ASSIGNED TASK: The answer must be every record below, reproduced exactly.

Data entries
☆ ☆ ☆ ☆ ☆ ☆ ☆

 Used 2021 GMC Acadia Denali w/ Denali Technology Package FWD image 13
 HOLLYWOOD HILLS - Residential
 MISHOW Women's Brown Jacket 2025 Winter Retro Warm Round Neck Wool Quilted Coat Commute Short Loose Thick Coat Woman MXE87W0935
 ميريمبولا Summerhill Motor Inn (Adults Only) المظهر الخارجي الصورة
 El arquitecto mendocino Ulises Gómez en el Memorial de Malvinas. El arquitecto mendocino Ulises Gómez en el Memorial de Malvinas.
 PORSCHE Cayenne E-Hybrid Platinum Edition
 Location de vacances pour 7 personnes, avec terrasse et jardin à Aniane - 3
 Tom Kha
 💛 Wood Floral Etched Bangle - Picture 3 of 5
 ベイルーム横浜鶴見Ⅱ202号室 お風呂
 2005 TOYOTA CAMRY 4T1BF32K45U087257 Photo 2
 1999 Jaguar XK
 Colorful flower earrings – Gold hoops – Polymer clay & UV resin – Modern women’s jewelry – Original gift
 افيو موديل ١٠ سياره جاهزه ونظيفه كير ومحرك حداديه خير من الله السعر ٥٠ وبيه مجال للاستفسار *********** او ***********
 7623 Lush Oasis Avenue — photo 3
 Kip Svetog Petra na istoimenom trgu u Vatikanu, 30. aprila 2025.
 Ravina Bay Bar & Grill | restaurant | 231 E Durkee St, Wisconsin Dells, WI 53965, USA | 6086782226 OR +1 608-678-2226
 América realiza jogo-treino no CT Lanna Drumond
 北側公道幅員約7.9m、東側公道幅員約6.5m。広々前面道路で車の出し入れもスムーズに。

☆ ☆ ☆ ☆ ☆ ☆ ☆

THE COMPLETED TASK:
 Used 2021 GMC Acadia Denali w/ Denali Technology Package FWD image 13
 HOLLYWOOD HILLS - Residential
 MISHOW Women's Brown Jacket 2025 Winter Retro Warm Round Neck Wool Quilted Coat Commute Short Loose Thick Coat Woman MXE87W0935
 ميريمبولا Summerhill Motor Inn (Adults Only) المظهر الخارجي الصورة
 El arquitecto mendocino Ulises Gómez en el Memorial de Malvinas. El arquitecto mendocino Ulises Gómez en el Memorial de Malvinas.
 PORSCHE Cayenne E-Hybrid Platinum Edition
 Location de vacances pour 7 personnes, avec terrasse et jardin à Aniane - 3
 Tom Kha
 💛 Wood Floral Etched Bangle - Picture 3 of 5
 ベイルーム横浜鶴見Ⅱ202号室 お風呂
 2005 TOYOTA CAMRY 4T1BF32K45U087257 Photo 2
 1999 Jaguar XK
 Colorful flower earrings – Gold hoops – Polymer clay & UV resin – Modern women’s jewelry – Original gift
 افيو موديل ١٠ سياره جاهزه ونظيفه كير ومحرك حداديه خير من الله السعر ٥٠ وبيه مجال للاستفسار *********** او ***********
 7623 Lush Oasis Avenue — photo 3
 Kip Svetog Petra na istoimenom trgu u Vatikanu, 30. aprila 2025.
 Ravina Bay Bar & Grill | restaurant | 231 E Durkee St, Wisconsin Dells, WI 53965, USA | 6086782226 OR +1 608-678-2226
 América realiza jogo-treino no CT Lanna Drumond
 北側公道幅員約7.9m、東側公道幅員約6.5m。広々前面道路で車の出し入れもスムーズに。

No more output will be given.